Tout se déroulait sous le mode de l'urgence. Il fallait au plus vite faire tomber une mesure qui s'appliquerait bientôt, et en même temps un gouvernement en fin de mandat, usé par le pouvoir, peu à l'écoute et arrogant. Pour y arriver, il fallait de grandes manifestations, preuves vivantes d'un mouvement collectif puissant et significatif. Puis, devant la volonté du gouvernement de réprimer le mouvement plutôt que de l'entendre, les gens ont pris la rue avec leurs casseroles, dans un élan qui mêlait la colère, la surprise et la jubilation.

Aujourd'hui, le début des grèves étudiantes ont un air de réchauffé : mêmes votes tourmentés dans les associations étudiantes, mêmes réactions de repli des anti-grèvistes en évoquant la loi et les injonctions, mêmes manifestations dans les mêmes lieux, mêmes réactions outrées dans les grands médias, même refus d'écouter du gouvernement, mêmes tactiques policières, même violence.

Pourtant, la situation, elle, n'est en rien comparable.

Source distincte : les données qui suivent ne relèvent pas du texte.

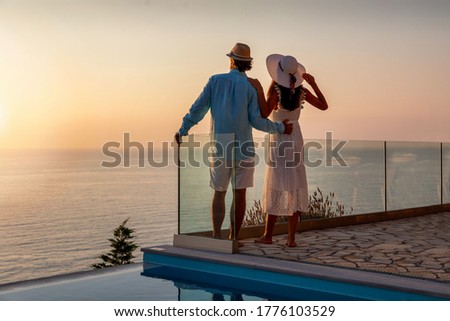 A romantic couple with hats on vacation time enjoys the summer sunset by the pool Royalty-Free Stock Photo #1776103529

Les grèves étudiantes aujourd'hui sont un élément d'un mouvement beaucoup plus large contre des mesures d'austérité imposées par les libéraux, qui n'ont pas été élus pour les appliquer. La bataille concerne des bouleversements sociaux qui ont été clairement anticipés en 2012, mais qui sont maintenant plus tangibles et menaçants. Il ne s'agit plus d'éducation seulement, mais d'une remise en cause radicale du modèle québécois.

Le gouvernement s'appuie sur son statut de gouvernement majoritaire fraichement élu. Il donne une légitimité à ses actions par des commissions - commission Robillard, commission Godbout - soutenues par des «consultations» qui n'entendent vraiment que les alliés. Son aveuglement idéologique, son soutien imparable à l'entreprise privée, son obsession de faire baisser les impôts rendent le dialogue très difficile. Le projet de redresser les finances publiques n'est qu'un prétexte fallacieux, puisque ce gouvernement n'a pas manifesté la moindre intention d'aller chercher davantage de revenus, comme lui demandent tant de citoyens.

Si ce gouvernement parvient à ses fins, le Québec ne sera plus le même à la fin de son mandat : les services publics auront été affaiblis, réduits. Les inégalités sociales seront plus grandes. Les employés de l'État pourraient voir leur salaire diminué, tenant compte de l'inflation. L'impôt progressif, mode de distribution solidaire de la richesse, reculera devant une taxation régressive, à l'image d'une société individualiste. Les programmes sociaux sérieusement atteints, nombre de personnes seront abandonnées, ou devront se soumettre aux caprices de la charité et à l'humiliation qui en découle. Et notre environnement pourrait être menacé par un oléoduc permettant d'exporter le pétrole archi polluant des sables bitumineux à travers le monde.

Une telle charge de notre gouvernement dans tant de secteurs nécessite une réaction à la fois très forte et à long terme. En ce sens, les grèves étudiantes ne sont pas prématurées. Il faut plutôt admirer le courage et la vigilance de jeunes qui comprennent bien tout ce dont toute la société québécoise est victime, et la vigueur de la réponse qu'il faut donner.

De nombreuses actions contre les libéraux, qui ont eu lieu partout au Québec depuis le début de l'année, organisées entre autres par la Coalition opposée à la tarification et à la privatisation des services publics, ont montré que l'opposition doit aussi se faire sous le mode de la guérilla : des actions à plus petite échelle, nombreuses, dérangeantes mais pacifiques, avec des images fortes, se sont répétées et se poursuivront sans aucun doute. Déjà, la combattivité de ces groupes est marquante. Et à l'automne prochain, il faut s'attendre à une forte réaction syndicale devant des offres gouvernementales qui sont des reculs à tous les niveaux dans leurs conditions de travail.

À des changements plus structuraux s'organise un autre type de réactions, plus variées, à plus long terme. Le printemps de 2014 ne ressemblera pas à celui de 2012, son dynamisme ne sera pas le même. Les enjeux sont considérables et les Québécois restent attachés à un modèle qu'on ne peut pas transformer sans faire d'immenses dommages. Ainsi trouveront-ils encore de nombreuses façons de le dire.